* Requirement: In the records below, find the line with "JEEP COMPASS 2020 - 3C4NJCBB3LT102189" and the line with "Nahaufnahme der grünen". Print both exactly, along with every line between them, and no other line.

-- Opening Marker --

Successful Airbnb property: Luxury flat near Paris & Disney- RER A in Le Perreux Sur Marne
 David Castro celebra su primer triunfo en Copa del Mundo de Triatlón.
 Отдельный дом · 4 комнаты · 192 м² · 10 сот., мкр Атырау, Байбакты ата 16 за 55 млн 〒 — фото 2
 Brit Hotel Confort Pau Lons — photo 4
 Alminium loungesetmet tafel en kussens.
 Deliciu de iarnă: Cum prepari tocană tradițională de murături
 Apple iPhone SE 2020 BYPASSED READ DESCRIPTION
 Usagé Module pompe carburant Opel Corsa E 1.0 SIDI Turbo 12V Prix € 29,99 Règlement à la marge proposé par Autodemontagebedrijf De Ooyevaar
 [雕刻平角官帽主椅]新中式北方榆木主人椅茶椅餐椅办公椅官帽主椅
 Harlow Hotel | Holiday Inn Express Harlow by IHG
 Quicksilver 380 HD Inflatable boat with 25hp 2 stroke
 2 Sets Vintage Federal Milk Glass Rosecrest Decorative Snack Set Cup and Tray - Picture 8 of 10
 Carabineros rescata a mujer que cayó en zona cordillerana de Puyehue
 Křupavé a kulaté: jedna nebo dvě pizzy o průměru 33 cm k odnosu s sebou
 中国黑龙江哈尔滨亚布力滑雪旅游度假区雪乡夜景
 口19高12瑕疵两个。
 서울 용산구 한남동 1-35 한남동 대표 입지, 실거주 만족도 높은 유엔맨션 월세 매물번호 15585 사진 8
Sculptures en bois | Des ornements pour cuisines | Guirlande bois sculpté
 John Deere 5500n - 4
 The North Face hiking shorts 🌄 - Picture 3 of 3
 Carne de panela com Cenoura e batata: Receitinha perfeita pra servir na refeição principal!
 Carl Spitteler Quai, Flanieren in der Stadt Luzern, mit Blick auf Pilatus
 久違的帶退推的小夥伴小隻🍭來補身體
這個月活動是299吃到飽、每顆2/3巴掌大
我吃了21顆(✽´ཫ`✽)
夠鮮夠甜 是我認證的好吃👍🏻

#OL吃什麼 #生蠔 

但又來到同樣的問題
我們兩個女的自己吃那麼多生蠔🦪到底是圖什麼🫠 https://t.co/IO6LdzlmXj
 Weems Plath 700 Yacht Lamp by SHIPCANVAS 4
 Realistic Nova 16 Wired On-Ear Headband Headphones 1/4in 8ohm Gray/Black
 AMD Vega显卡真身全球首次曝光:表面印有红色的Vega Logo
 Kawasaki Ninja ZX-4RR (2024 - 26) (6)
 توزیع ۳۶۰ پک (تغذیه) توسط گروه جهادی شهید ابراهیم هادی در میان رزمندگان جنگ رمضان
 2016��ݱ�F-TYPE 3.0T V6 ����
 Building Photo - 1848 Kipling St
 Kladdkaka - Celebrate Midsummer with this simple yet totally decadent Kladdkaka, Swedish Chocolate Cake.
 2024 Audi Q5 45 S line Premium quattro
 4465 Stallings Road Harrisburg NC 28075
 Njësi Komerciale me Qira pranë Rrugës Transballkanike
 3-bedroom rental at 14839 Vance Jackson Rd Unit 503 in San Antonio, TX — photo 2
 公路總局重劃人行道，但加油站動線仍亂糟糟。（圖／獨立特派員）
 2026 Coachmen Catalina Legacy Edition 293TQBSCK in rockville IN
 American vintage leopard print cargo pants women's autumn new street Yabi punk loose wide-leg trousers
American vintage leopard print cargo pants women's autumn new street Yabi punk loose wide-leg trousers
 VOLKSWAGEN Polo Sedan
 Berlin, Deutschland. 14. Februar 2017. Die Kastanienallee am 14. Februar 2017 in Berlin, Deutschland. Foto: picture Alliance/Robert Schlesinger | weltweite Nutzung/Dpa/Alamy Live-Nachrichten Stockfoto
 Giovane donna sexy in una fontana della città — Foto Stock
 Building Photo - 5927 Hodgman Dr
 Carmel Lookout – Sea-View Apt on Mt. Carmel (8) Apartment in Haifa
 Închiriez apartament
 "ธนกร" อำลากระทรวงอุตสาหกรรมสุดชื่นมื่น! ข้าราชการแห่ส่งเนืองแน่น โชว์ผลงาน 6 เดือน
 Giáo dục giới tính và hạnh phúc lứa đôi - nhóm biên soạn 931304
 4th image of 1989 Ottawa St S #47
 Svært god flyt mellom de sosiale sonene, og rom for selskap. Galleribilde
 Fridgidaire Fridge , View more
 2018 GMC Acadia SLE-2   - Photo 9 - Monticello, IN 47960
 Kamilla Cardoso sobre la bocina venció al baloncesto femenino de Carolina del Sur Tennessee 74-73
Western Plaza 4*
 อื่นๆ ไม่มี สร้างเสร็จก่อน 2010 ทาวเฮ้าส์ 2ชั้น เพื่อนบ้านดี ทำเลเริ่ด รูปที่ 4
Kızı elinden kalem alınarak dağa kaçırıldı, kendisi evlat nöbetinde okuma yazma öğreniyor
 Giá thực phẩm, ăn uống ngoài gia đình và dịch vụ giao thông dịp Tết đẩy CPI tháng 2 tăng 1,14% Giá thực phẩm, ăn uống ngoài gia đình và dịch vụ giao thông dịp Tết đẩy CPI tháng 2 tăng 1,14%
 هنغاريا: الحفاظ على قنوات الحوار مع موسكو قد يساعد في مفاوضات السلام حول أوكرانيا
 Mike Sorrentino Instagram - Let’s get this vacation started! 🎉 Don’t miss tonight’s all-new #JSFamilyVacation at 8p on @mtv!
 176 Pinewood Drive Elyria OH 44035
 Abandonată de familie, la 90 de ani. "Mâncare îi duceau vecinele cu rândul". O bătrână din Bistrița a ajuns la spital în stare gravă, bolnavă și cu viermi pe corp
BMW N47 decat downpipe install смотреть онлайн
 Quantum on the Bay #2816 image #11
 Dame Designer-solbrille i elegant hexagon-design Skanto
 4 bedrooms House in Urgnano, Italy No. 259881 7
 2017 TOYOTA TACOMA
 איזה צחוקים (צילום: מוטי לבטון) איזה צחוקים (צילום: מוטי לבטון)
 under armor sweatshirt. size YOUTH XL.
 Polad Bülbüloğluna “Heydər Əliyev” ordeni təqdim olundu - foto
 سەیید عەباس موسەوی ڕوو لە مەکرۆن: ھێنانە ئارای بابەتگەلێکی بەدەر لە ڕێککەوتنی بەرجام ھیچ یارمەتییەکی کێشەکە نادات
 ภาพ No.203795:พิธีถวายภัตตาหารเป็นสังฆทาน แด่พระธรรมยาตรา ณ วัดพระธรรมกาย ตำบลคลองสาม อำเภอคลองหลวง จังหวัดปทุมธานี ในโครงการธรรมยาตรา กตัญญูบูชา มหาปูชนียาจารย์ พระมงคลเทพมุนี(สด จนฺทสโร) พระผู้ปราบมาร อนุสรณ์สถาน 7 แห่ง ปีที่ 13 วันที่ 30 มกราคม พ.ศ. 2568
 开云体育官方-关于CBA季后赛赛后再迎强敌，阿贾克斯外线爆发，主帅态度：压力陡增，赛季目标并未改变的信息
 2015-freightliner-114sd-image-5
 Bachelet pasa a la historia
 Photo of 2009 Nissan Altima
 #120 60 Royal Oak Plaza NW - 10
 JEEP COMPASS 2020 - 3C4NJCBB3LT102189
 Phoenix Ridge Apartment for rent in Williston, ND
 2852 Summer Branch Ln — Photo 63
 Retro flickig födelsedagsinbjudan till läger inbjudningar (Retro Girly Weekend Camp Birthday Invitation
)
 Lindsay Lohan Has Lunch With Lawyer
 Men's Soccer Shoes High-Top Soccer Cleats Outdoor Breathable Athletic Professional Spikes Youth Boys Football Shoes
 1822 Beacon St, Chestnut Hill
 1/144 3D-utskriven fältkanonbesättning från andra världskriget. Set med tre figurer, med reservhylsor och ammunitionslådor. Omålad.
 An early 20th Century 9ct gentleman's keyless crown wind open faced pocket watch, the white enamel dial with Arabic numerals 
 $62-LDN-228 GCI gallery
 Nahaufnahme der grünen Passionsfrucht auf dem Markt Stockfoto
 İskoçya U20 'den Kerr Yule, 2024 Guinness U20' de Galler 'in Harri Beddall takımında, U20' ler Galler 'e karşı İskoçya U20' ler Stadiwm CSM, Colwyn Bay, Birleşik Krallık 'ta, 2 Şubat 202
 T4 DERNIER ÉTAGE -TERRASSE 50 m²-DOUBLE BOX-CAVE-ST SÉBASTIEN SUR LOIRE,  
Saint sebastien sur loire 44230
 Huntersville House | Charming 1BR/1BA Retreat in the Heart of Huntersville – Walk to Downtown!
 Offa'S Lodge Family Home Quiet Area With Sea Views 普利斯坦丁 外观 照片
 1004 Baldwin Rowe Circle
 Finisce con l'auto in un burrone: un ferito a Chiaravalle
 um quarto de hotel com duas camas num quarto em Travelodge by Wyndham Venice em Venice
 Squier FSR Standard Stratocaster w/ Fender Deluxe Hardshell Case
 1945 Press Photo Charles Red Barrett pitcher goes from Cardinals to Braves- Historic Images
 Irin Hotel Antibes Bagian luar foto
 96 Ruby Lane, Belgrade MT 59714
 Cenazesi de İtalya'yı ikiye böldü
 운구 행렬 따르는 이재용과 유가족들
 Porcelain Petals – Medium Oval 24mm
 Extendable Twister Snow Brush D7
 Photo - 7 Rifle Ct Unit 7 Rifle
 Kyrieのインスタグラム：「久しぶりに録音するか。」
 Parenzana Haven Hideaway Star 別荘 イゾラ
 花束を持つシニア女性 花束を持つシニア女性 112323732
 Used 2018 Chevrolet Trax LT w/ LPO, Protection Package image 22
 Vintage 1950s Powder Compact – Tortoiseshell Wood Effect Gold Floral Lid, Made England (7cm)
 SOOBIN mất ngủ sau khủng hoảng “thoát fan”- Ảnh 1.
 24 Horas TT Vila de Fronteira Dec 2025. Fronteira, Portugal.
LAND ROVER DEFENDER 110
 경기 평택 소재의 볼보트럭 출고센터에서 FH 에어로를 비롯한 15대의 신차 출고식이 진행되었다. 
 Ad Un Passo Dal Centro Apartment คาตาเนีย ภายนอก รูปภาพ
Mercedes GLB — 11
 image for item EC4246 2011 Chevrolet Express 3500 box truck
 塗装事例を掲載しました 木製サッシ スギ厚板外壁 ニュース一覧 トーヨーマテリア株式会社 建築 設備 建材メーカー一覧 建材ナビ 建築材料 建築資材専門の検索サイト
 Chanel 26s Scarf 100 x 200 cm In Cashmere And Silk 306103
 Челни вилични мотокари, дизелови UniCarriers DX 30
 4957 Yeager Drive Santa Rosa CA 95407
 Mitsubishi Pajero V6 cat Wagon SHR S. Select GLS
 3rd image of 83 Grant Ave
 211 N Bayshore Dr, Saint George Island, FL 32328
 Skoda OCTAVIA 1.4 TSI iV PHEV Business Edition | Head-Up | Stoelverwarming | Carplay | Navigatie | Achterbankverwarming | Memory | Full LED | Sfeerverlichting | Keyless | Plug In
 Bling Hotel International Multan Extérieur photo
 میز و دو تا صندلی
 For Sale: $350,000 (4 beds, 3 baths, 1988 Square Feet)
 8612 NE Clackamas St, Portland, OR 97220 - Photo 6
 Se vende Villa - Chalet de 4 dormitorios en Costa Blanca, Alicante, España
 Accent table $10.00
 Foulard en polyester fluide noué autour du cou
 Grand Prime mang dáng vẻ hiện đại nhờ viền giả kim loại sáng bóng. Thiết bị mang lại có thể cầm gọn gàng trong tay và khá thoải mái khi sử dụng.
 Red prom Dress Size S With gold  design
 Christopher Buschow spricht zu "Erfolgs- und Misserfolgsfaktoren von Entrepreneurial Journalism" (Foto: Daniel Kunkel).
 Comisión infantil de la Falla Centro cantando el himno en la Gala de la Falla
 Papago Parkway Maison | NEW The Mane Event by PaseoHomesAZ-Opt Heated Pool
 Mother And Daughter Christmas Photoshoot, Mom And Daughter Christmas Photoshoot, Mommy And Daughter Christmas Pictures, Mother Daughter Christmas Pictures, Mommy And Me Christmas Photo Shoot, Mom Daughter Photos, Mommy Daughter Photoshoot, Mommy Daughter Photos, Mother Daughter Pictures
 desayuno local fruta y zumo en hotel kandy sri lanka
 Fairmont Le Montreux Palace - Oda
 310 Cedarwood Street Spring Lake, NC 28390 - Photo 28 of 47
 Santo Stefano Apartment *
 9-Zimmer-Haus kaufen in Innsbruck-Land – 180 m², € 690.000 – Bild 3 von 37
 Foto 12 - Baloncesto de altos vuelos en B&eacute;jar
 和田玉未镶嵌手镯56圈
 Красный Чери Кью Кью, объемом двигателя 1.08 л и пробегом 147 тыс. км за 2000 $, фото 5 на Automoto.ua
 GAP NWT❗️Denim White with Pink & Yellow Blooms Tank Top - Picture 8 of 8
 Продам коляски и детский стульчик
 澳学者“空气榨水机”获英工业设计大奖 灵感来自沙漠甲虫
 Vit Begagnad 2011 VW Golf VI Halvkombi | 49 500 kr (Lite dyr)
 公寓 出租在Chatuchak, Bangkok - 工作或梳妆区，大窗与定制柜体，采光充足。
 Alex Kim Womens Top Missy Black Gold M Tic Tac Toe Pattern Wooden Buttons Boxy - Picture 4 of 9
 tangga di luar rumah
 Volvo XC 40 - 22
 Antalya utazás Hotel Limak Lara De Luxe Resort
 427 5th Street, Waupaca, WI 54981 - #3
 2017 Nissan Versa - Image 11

-- Closing Marker --

* Output of the exercise:
 JEEP COMPASS 2020 - 3C4NJCBB3LT102189
 Phoenix Ridge Apartment for rent in Williston, ND
 2852 Summer Branch Ln — Photo 63
 Retro flickig födelsedagsinbjudan till läger inbjudningar (Retro Girly Weekend Camp Birthday Invitation
)
 Lindsay Lohan Has Lunch With Lawyer
 Men's Soccer Shoes High-Top Soccer Cleats Outdoor Breathable Athletic Professional Spikes Youth Boys Football Shoes
 1822 Beacon St, Chestnut Hill
 1/144 3D-utskriven fältkanonbesättning från andra världskriget. Set med tre figurer, med reservhylsor och ammunitionslådor. Omålad.
 An early 20th Century 9ct gentleman's keyless crown wind open faced pocket watch, the white enamel dial with Arabic numerals 
 $62-LDN-228 GCI gallery
 Nahaufnahme der grünen Passionsfrucht auf dem Markt Stockfoto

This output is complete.